Dating hasn't changed that much over the last 20 years, except that women are probably a bit more forward and are more likely to speak their mind and make the first move if they are interested.
Dating tips:
* Dress appropriately for the date. Wash and iron your clothes. Please no slogan t-shirts such as 'I heart beer' your date won't be very impressed. Theyre not cute, nor clever.
* Have a shower, clean your fingernails, get a haircut and have a shave. Most importantly clean your teeth. No woman likes smelly breath. If you are going out for dinner take some mints to freshen up after the meal.
* Be a gent. Open doors for her and compliment her on her hair and what she's wearing. Try not to leer or stare. Try not to swear and drink too much.
* Some women expect you to pay for everything, some are happy to split the cost. Whatever the situation make sure you have enough money to cover both situations. Dont quibble about the bill with your date. If she offers to buy you a drink accept gracefully.
* Dont talk about yourself all night and try to make eye contact when talking to her. Don't fidget and get stressed out if there are a few lapses or awkward silences in the conversation. This is only natural as you are still getting to know each other.

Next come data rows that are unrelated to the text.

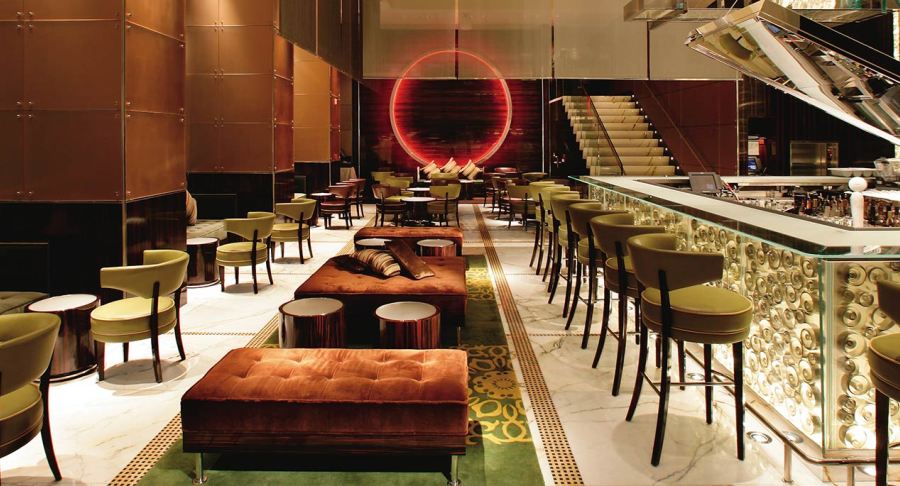 Drink in the luxury at the Landmark Mandarin Oriental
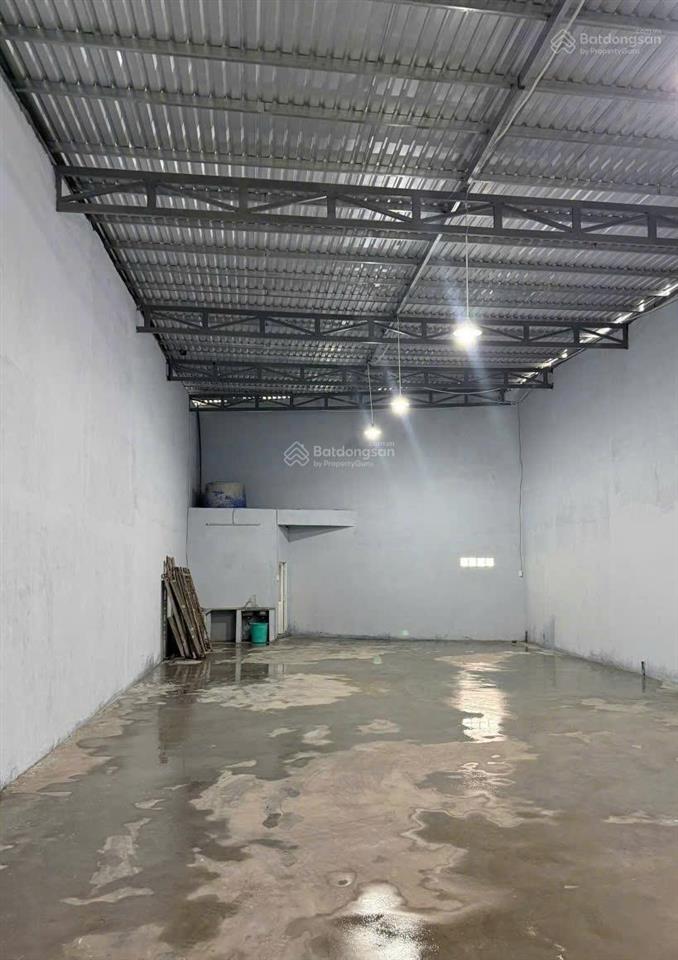 Cho thuê kho mặt tiền đào sư tích, nhà bè 170m² kho mới vào sử dụng ngay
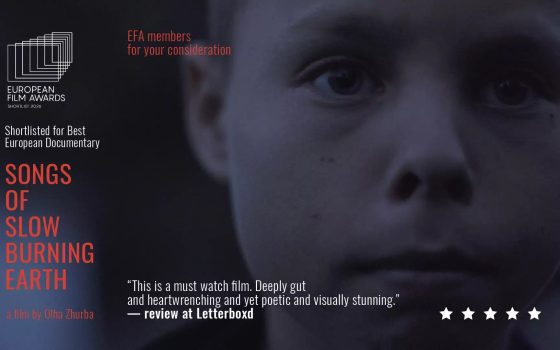 Українська документальна стрічка отримала дві номінації Європейської кіноакадемії «фото»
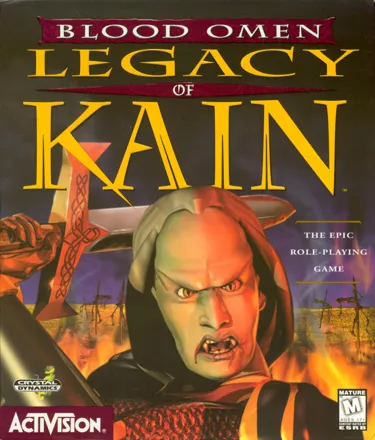 Blood Omen: Legacy of Kain Windows Front Cover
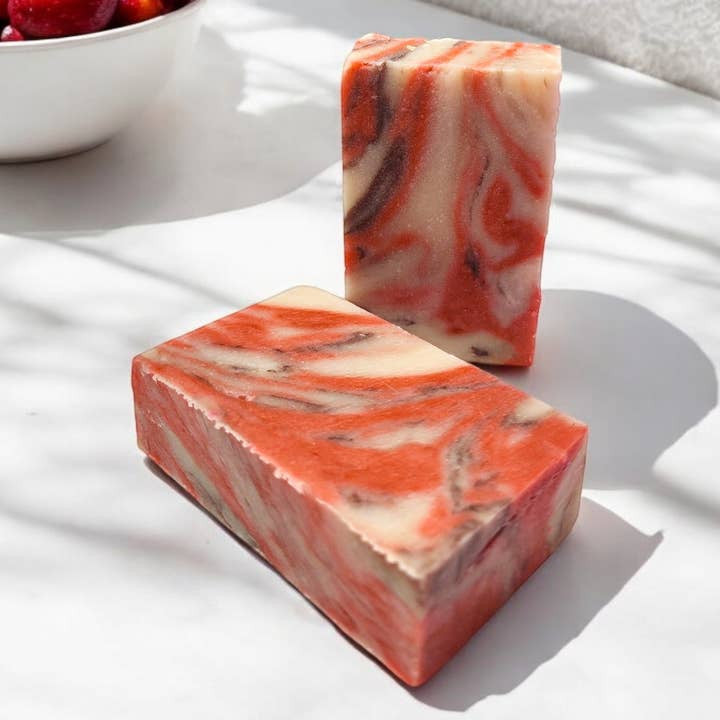 Seasonal Soap - Cranberry Woods (Christmas)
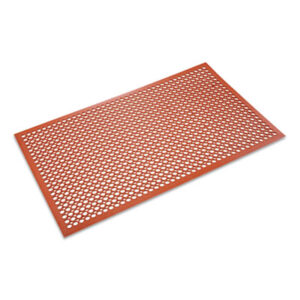 CROWN; Floor; Floor Mat; Grease-Resistant; Heavy-Duty Antifatigue Mat; Mat; Runners/Protectors; Safewalk-Light; Protective; Coverings; Runners; Spreads; Guards; Flooring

* At the end of the date offer to order her a taxi or drive her home. If she gets a cab insist she calls/texts you to let you know she got back safely - this show that you care.
* Dont presume that she will kiss you, if she is really interested and wants to, she will let you know. When ending the evening, dont shake her hand because that is too impersonal. A continental style kiss on either cheek is acceptable.
Above all smile and enjoy yourself. When a person smiles they exude confidence. Confident people are sexy, fun people.